Items from a dataset
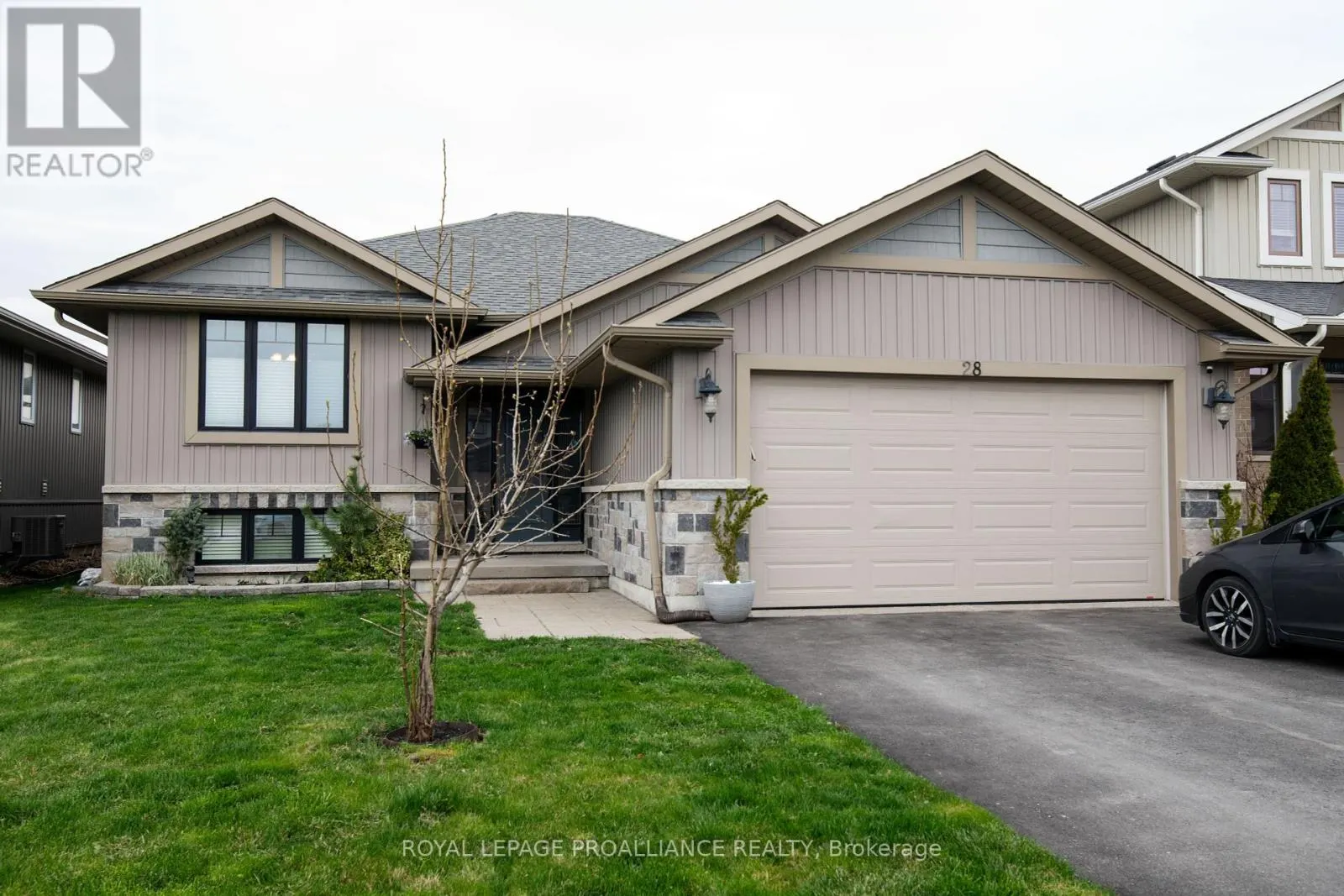 28 BUTTERNUT COURT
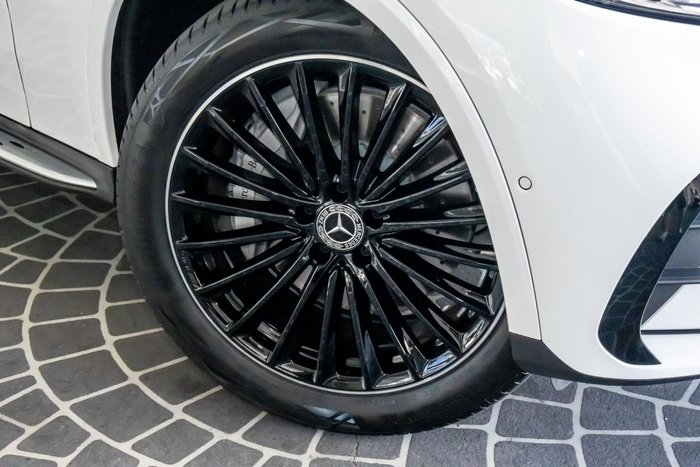 2025 Mercedes-Benz GLC-Class GLC300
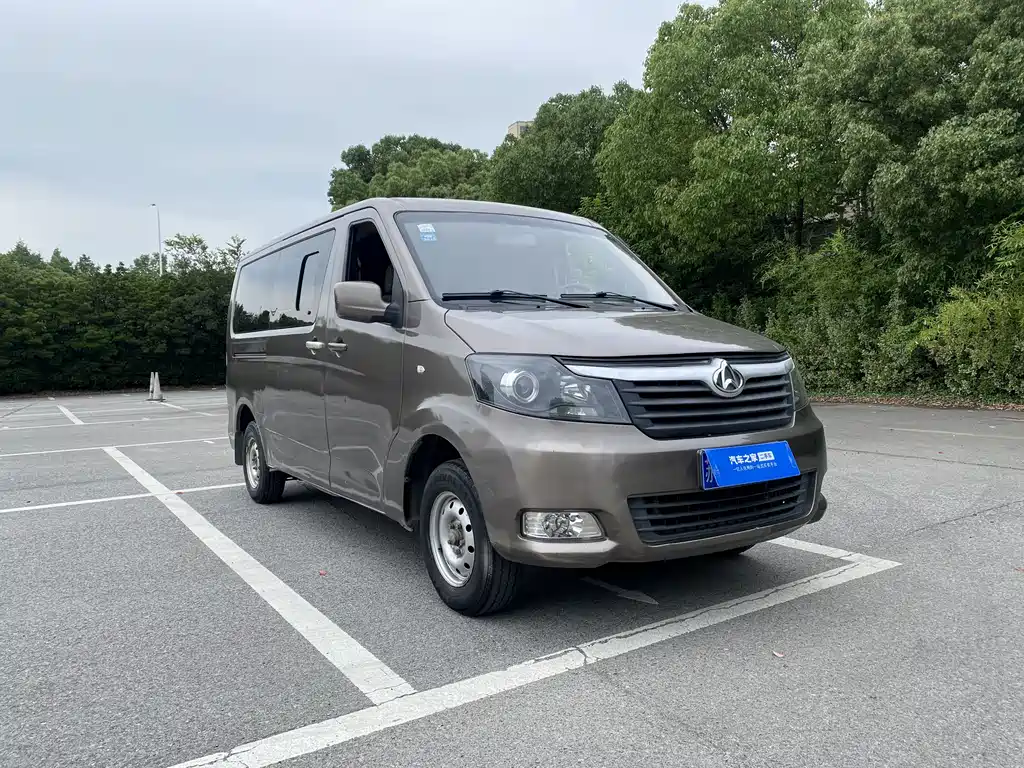 Changan Ruixing M70 长安睿行M70 2019款 1.5 L舒适型6座国VI平顶对开门DAM15 KL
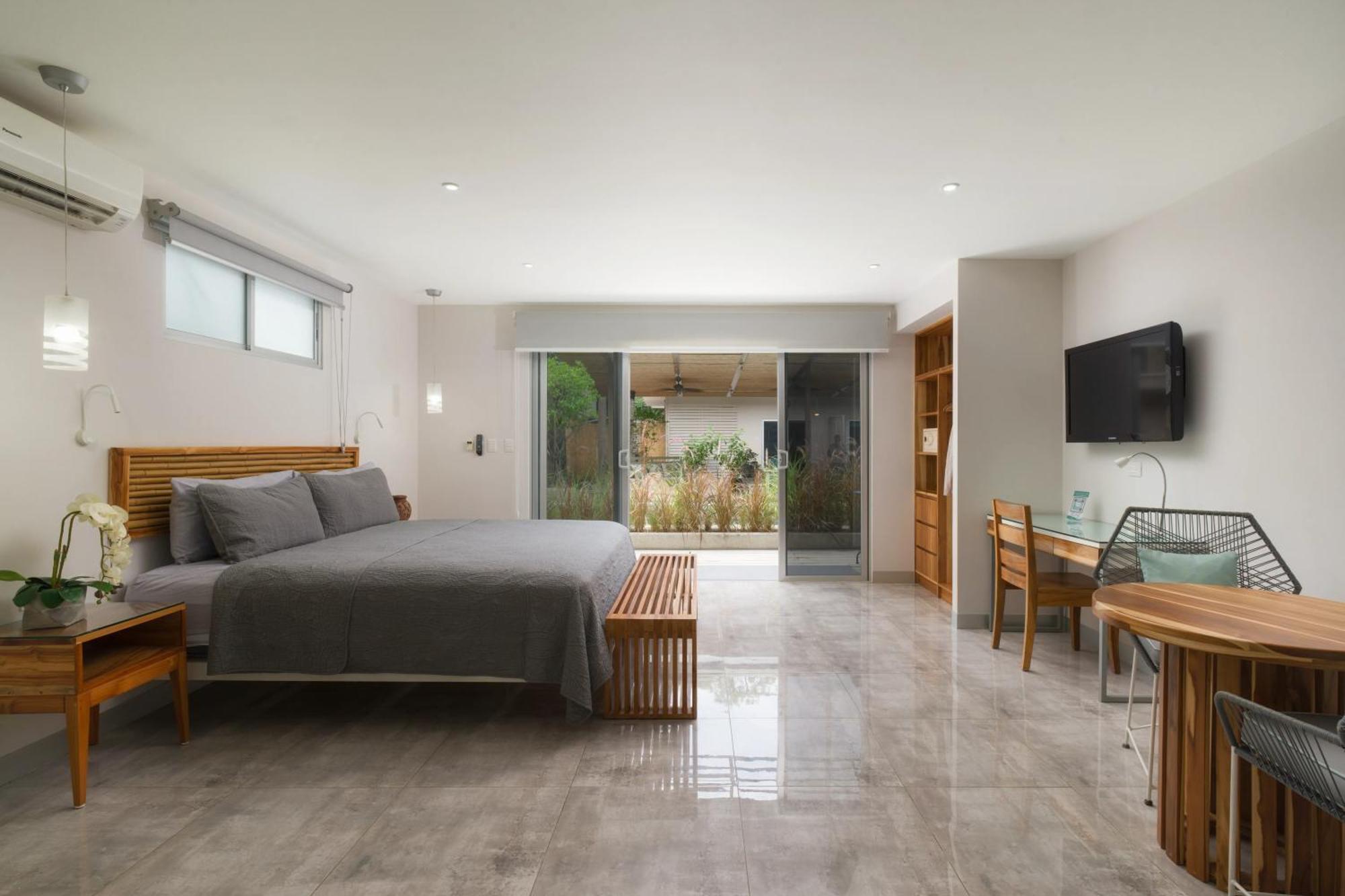 Tamarindo Bay Suites - Self Check In, Adults Only Exteriör bild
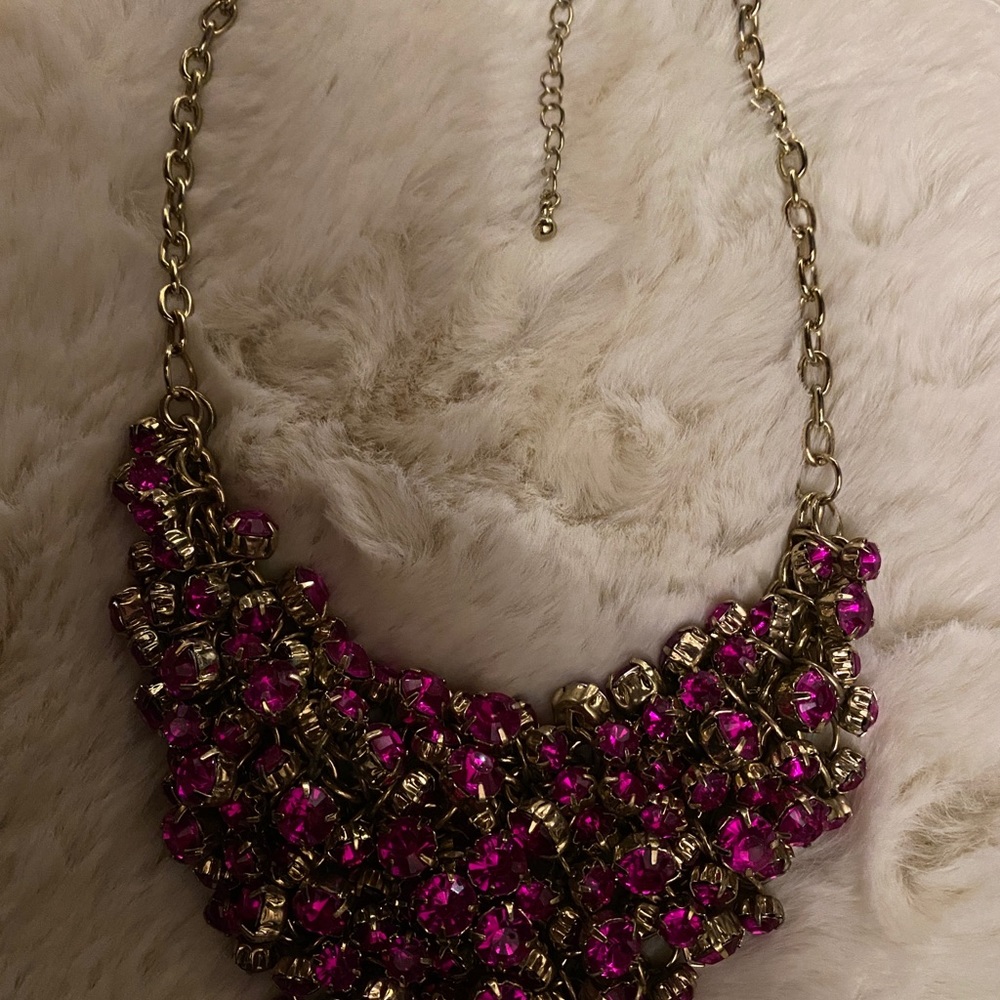 Chunky fuchsia/gold necklace - Picture 5 of 6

### Problem
Leaving the pictures out, give again word for word each line from the one holding "2025 Mercedes-Benz GLC-Class GLC300" through the end of the records.

### Reply
 2025 Mercedes-Benz GLC-Class GLC300
 Changan Ruixing M70 长安睿行M70 2019款 1.5 L舒适型6座国VI平顶对开门DAM15 KL
 Tamarindo Bay Suites - Self Check In, Adults Only Exteriör bild
 Chunky fuchsia/gold necklace - Picture 5 of 6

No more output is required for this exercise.